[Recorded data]
□ □ □ □ □

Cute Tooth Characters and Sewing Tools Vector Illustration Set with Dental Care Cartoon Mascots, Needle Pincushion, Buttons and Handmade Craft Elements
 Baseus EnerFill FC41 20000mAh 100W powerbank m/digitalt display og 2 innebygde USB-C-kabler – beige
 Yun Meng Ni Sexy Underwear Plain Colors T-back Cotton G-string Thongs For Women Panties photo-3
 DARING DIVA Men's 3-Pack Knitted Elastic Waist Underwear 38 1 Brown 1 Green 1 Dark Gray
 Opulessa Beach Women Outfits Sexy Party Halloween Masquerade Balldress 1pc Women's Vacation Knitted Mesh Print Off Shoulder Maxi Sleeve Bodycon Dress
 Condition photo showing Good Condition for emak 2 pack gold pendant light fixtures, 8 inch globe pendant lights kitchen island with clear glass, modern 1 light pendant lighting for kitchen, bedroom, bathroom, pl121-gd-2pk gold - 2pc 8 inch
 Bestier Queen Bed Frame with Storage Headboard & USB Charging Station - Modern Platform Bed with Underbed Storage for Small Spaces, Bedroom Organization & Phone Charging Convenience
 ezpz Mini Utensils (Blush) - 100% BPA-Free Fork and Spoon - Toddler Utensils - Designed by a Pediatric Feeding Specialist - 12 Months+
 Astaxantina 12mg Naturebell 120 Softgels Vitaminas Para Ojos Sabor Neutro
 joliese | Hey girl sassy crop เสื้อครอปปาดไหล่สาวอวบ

□ □ □ □ □

■ Work instruction
The lines beginning with the one that holds "Condition photo showing" and ending with the last line of the data above are to be reproduced exactly, and nothing else.

■ Output of the task
 Condition photo showing Good Condition for emak 2 pack gold pendant light fixtures, 8 inch globe pendant lights kitchen island with clear glass, modern 1 light pendant lighting for kitchen, bedroom, bathroom, pl121-gd-2pk gold - 2pc 8 inch
 Bestier Queen Bed Frame with Storage Headboard & USB Charging Station - Modern Platform Bed with Underbed Storage for Small Spaces, Bedroom Organization & Phone Charging Convenience
 ezpz Mini Utensils (Blush) - 100% BPA-Free Fork and Spoon - Toddler Utensils - Designed by a Pediatric Feeding Specialist - 12 Months+
 Astaxantina 12mg Naturebell 120 Softgels Vitaminas Para Ojos Sabor Neutro
 joliese | Hey girl sassy crop เสื้อครอปปาดไหล่สาวอวบ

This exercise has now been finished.